┌──
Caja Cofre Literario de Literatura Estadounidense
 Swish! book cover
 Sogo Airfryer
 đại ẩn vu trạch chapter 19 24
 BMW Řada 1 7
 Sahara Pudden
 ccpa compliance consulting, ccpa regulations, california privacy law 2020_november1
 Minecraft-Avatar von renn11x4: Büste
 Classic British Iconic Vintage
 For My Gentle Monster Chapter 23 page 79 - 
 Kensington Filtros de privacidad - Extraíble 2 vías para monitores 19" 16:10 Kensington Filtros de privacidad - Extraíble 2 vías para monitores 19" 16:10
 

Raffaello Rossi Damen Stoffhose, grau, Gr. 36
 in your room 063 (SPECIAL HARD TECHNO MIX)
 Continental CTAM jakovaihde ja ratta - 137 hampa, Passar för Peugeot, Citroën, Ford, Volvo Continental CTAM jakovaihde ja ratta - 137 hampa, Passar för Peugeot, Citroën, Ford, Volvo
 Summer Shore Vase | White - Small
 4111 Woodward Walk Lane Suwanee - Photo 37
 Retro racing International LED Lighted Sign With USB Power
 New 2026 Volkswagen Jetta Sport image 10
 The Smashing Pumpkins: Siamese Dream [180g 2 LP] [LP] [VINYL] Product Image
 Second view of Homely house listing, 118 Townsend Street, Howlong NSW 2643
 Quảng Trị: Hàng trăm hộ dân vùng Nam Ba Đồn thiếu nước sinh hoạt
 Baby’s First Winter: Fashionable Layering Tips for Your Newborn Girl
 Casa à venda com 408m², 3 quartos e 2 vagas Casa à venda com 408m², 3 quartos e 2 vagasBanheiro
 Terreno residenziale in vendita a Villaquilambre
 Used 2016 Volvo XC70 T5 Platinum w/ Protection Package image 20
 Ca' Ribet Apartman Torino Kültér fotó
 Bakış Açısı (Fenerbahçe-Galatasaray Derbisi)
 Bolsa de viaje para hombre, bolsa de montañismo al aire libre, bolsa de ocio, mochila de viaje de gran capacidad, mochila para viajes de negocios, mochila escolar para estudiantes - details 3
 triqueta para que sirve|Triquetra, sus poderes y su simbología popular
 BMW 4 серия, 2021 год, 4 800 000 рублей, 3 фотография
└──
What the exercise asks = Keep every word intact and transcribe the records in full.

Expected output =
Caja Cofre Literario de Literatura Estadounidense
 Swish! book cover
 Sogo Airfryer
 đại ẩn vu trạch chapter 19 24
 BMW Řada 1 7
 Sahara Pudden
 ccpa compliance consulting, ccpa regulations, california privacy law 2020_november1
 Minecraft-Avatar von renn11x4: Büste
 Classic British Iconic Vintage
 For My Gentle Monster Chapter 23 page 79 - 
 Kensington Filtros de privacidad - Extraíble 2 vías para monitores 19" 16:10 Kensington Filtros de privacidad - Extraíble 2 vías para monitores 19" 16:10
 

Raffaello Rossi Damen Stoffhose, grau, Gr. 36
 in your room 063 (SPECIAL HARD TECHNO MIX)
 Continental CTAM jakovaihde ja ratta - 137 hampa, Passar för Peugeot, Citroën, Ford, Volvo Continental CTAM jakovaihde ja ratta - 137 hampa, Passar för Peugeot, Citroën, Ford, Volvo
 Summer Shore Vase | White - Small
 4111 Woodward Walk Lane Suwanee - Photo 37
 Retro racing International LED Lighted Sign With USB Power
 New 2026 Volkswagen Jetta Sport image 10
 The Smashing Pumpkins: Siamese Dream [180g 2 LP] [LP] [VINYL] Product Image
 Second view of Homely house listing, 118 Townsend Street, Howlong NSW 2643
 Quảng Trị: Hàng trăm hộ dân vùng Nam Ba Đồn thiếu nước sinh hoạt
 Baby’s First Winter: Fashionable Layering Tips for Your Newborn Girl
 Casa à venda com 408m², 3 quartos e 2 vagas Casa à venda com 408m², 3 quartos e 2 vagasBanheiro
 Terreno residenziale in vendita a Villaquilambre
 Used 2016 Volvo XC70 T5 Platinum w/ Protection Package image 20
 Ca' Ribet Apartman Torino Kültér fotó
 Bakış Açısı (Fenerbahçe-Galatasaray Derbisi)
 Bolsa de viaje para hombre, bolsa de montañismo al aire libre, bolsa de ocio, mochila de viaje de gran capacidad, mochila para viajes de negocios, mochila escolar para estudiantes - details 3
 triqueta para que sirve|Triquetra, sus poderes y su simbología popular
 BMW 4 серия, 2021 год, 4 800 000 рублей, 3 фотография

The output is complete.